El 5 de diciembre de 1536, el emperador Carlos V desembarcó en Palamós (provincia de Girona) después de tirarse unos cuantos días —según las cuentas que echa Foronda y Aguilera, veintiuno— navegando por el Mediterráneo y no menos meses fuera de casa, guerreando contra el turco en Túnez —la toma de La Goleta tuvo lugar el verano anterior—, y visitando sus territorios italianos para preparar la guerra contra el francés, una más; hostialidades, las de esta ocasión, que le trajeron la mala noticia de la muerte de Garcilaso de la Vega —además de poeta, también era soldado. El emperador le tenía en gran estima— al intentar tomar un castillo en Francia. Cuanto tuvo conocimiento del hecho, mandó degollar a toda la guarnición de aquel castillo como castigo, y allí no quedó vivo ni el aire que respiraban sus moradores.
Desembarcó en Palamós, decía; y envió un correo —que tuvo que cabalgar lo que no está en los escritos. Esto ya son suposiciones mías. Comprensibles, ahora lo veréis— a la emperatriz Isabel «para que le esperase en Tordesillas, sacando la Corte de Valladolid, para preparar el aposento». En cristiano, que tengo unas ganas de verte que no veas. Que la última vez que eso ocurrió fue en marzo del año anterior, esto es, en 1535.
Por partes, que solía decir el amigo Jack. El emperador quería tener controlado el redil, y de cuando en cuando también le tocaba liarse a zurriagazos contra el francés o contra los príncipes alemanes —que no tardarían en levantarse contra él—, así que alguien de su confianza había de quedarse al frente de los asuntos del reino. Y ese alguien de confianza fue, cómo no, su esposa, la emperatriz Isabel.
Y saber el uno del otro, sabían mucho, dado que se escribían con frecuencia. No tanta como hubiera deseado Isabel, bien es cierto, pero hasta en eso logró reconducir al mojón de su esposo; que se interesaba por ella en todo momento, pues a la emperatriz le pegaban unos arrechuchos del copón cada vez que él se marchaba a dar vueltas por esos mundos de Dios.

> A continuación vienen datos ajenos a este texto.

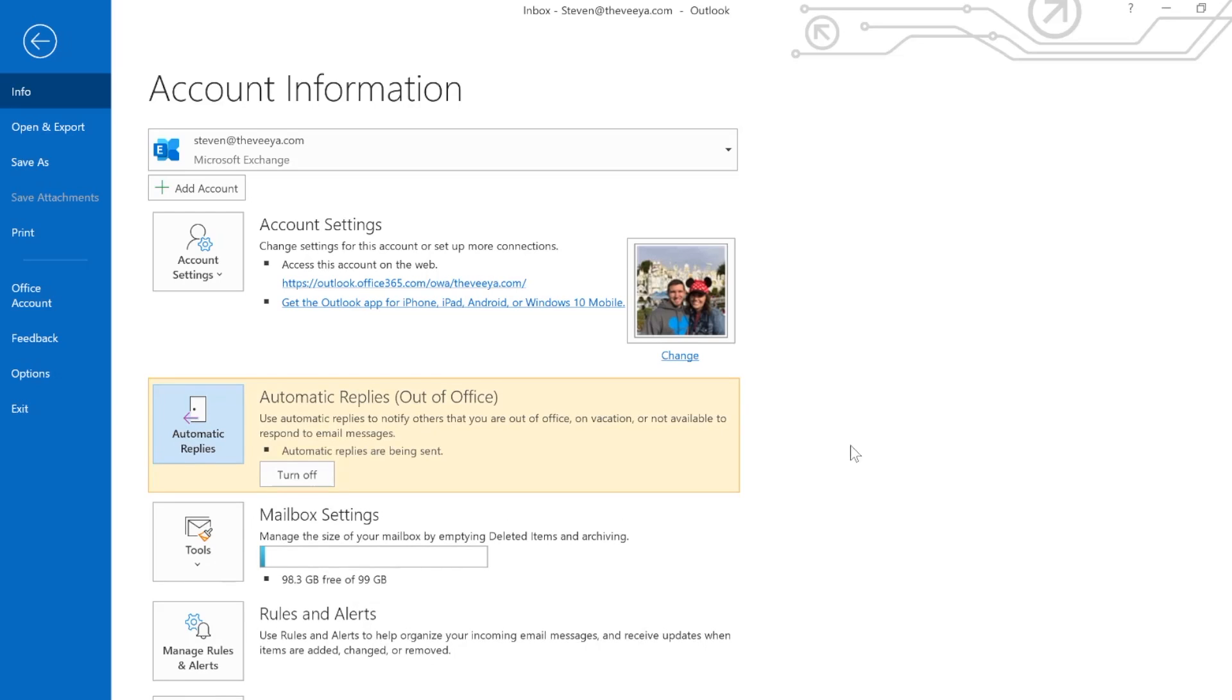And working when it changes to this yellow highlighted section. When you come back from vacation, PTO, or holiday, you can just click turn off.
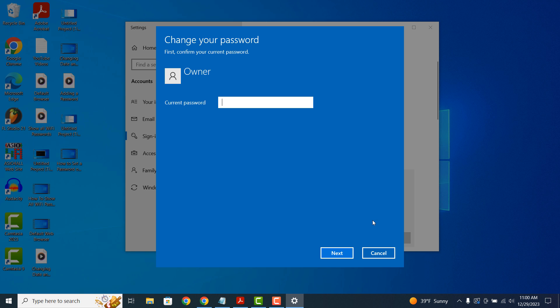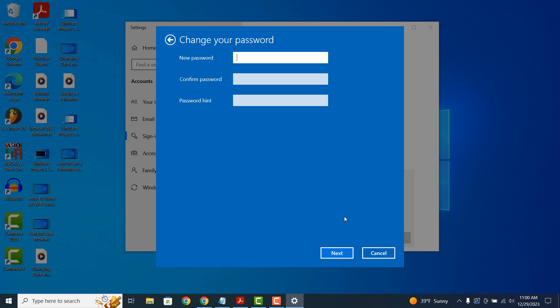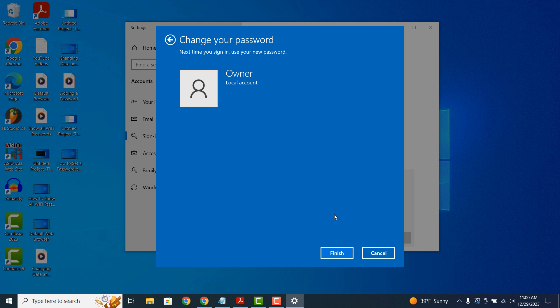From here, you'll have to enter your current password and then click on the next button. Now from this screen, we are asked what we want our new password to be. In order to remove your existing password, simply leave the two password fields empty and click on the next button and then finish.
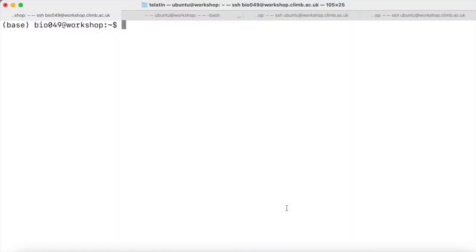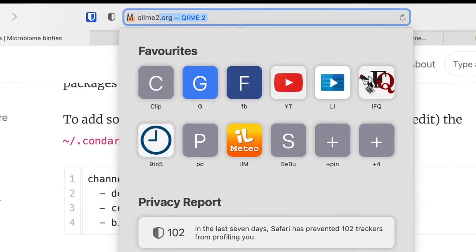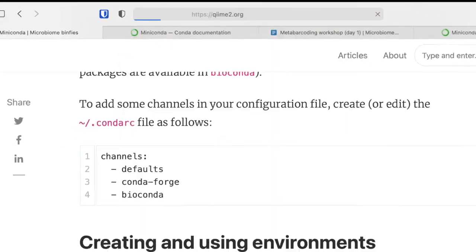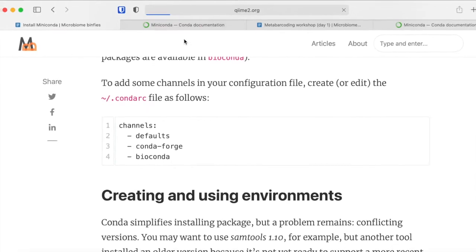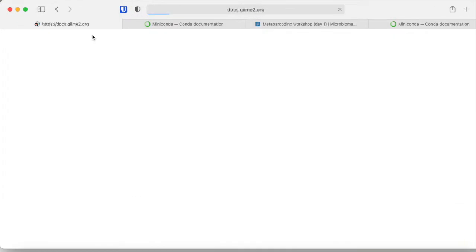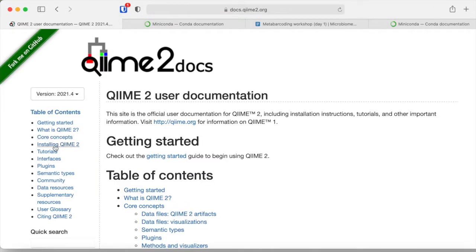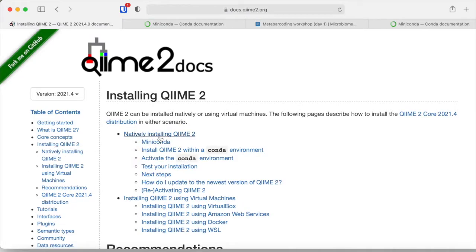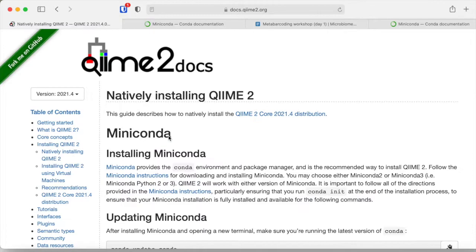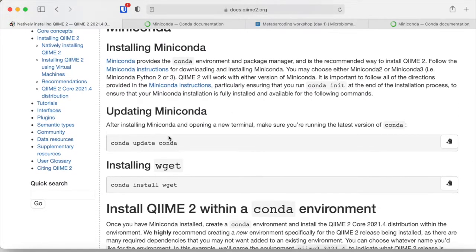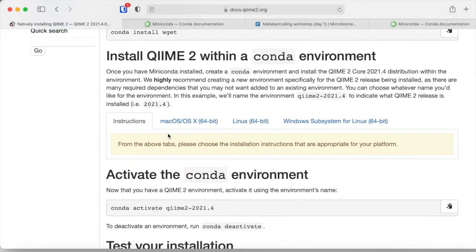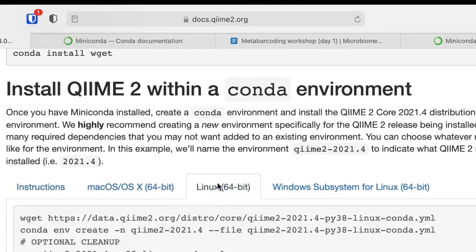Now we will see how to install QIIME 2 after we installed Conda. The QIIME 2 website has installation instructions under the documentation. We can go to Installing QIIME 2, natively installing QIIME 2 with Miniconda. Since we have Conda, we can follow the instructions for either Mac OS or Linux.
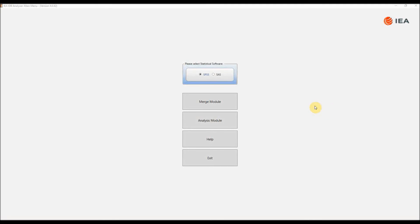In this video I will demonstrate how to do some simple descriptive analysis using the IEA's IDB Analyzer, first looking at the percentage of grade 4 or year 5 students in England who like learning maths, then how average achievement varies by how much students like learning maths.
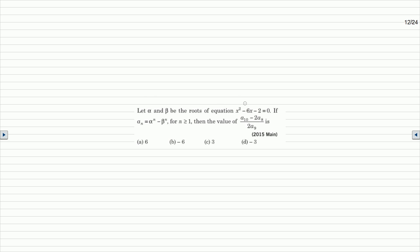Let alpha and beta be the roots of the equation x squared minus 6x minus 2 equal to 0. If a_n equals alpha to the power n minus beta to the power n, for n greater than or equal to 1, then the value of a_10 minus twice of a_8 divided by 2a_9 is — with four options given. So the equation is x squared minus 6x minus 2 equal to 0.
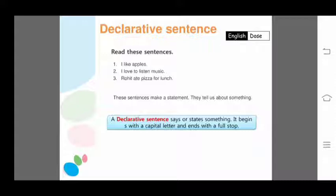So we can say that a declarative sentence begins with a capital letter and ends with a full stop. A declarative sentence, also called an assertive sentence, says or states something. It tells or states something and begins with a capital letter and ends with a full stop.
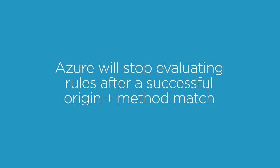In other words, once the evaluation engine reaches a rule that satisfies the allowed origin and allowed methods conditions, no further rules are evaluated. At that point, Azure will check the allowed headers condition for that rule. If it fails to satisfy the allowed headers, it fails the request. It does not continue on like you might have expected.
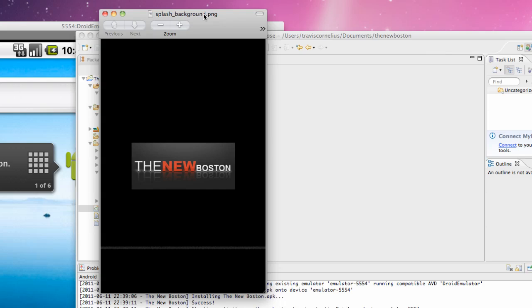What's up guys, welcome to your 11th Android tutorial for The New Boston. Again with me, Travis. We're going to set up some resources and then set up a background image for our splash screen that we're going to create.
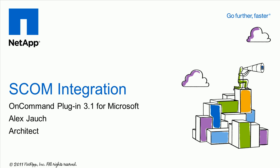Hello, my name is Alex Josh and I'm an architect in the Microsoft group here at NetApp. Today we're going to be talking about System Center Operations Manager integration using the OnCommand plugin 3.1 for Microsoft.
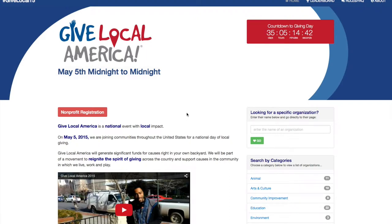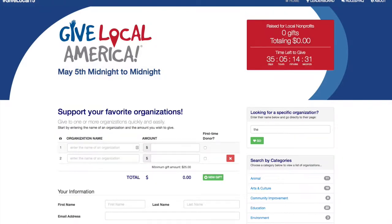I'm going to show you how your Giving Day site will look on the day of the event. There are a few different ways that your donors can find you on Giving Day. First of all, you will see that the homepage is taken over by the multi-gift form. This form allows your donors to make a donation to multiple organizations while only having to fill out their personal information once.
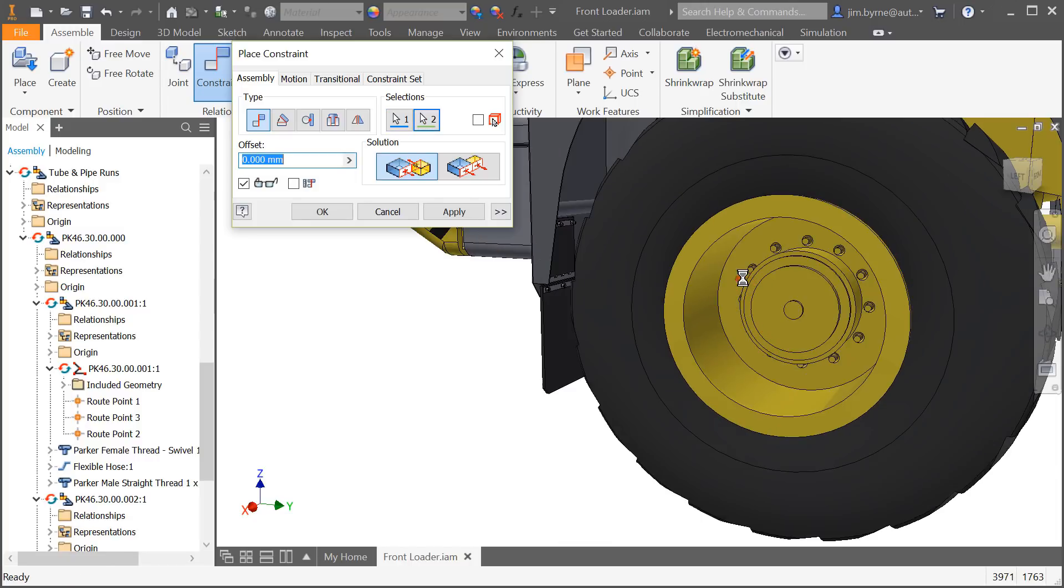Be sure to watch the video on performance improvements to find out more about what's been done in assemblies for Inventor 2019.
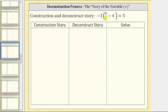We're asked to solve the given equation using the construction and deconstruct story, also known as the story of the variable, or the story of x. To begin, we will write the steps that form the construction of the equation based upon the operations being performed on the variable b. Then we'll write the deconstruct story, which are the steps that will undo the construction of the equation and solve for the variable b.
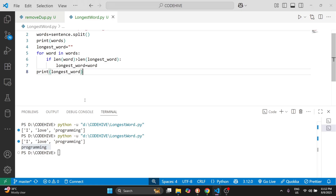The time complexity of this solution is O(n) because we check each word only one time. The space complexity is also O(n) because storing the list of words uses extra memory.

Que no se querían poco lo muestra el hecho de que se cartearan preguntándose que qué tal estás, churri, que no te pases con la comida, que luego te entra la gota y todo eso —está probado que la emperatriz le enviaba membrillo cuando eso ocurría, ya que el emperador era incapaz de llevarse nada al estómago—, etcétera. A modo de ejemplo, sus despedidas por carta, que eran épicas, y también reflejo del amor que se profesaban: que si «beso las manos de vuestra majestad», le decía ella, y «beso esta hoja de papel con la misma ternura y calor que besaría vuestros labios si estuviera con vos». Y vosotros, con la Isla de las tentaciones.
Así que cómo no iba a pedirle el emperador a su amada —o suplicarle, insisto por mi cuenta— que todo tieso para Tordesillas y llévate la Corte para allá y todo lo que haga falta. Que estaba bien verla todos los días en el retrato que siempre llevaba consigo, pero no hay nada como tener a tu amor a tu lado, disfrutar de él, etcétera.
De aquel esperado encuentro de la parejita nacería meses después un niño, el infante Juan, que falleció a los pocos días, el pobrecillo. Esas cosas de la vida, y más en aquella época.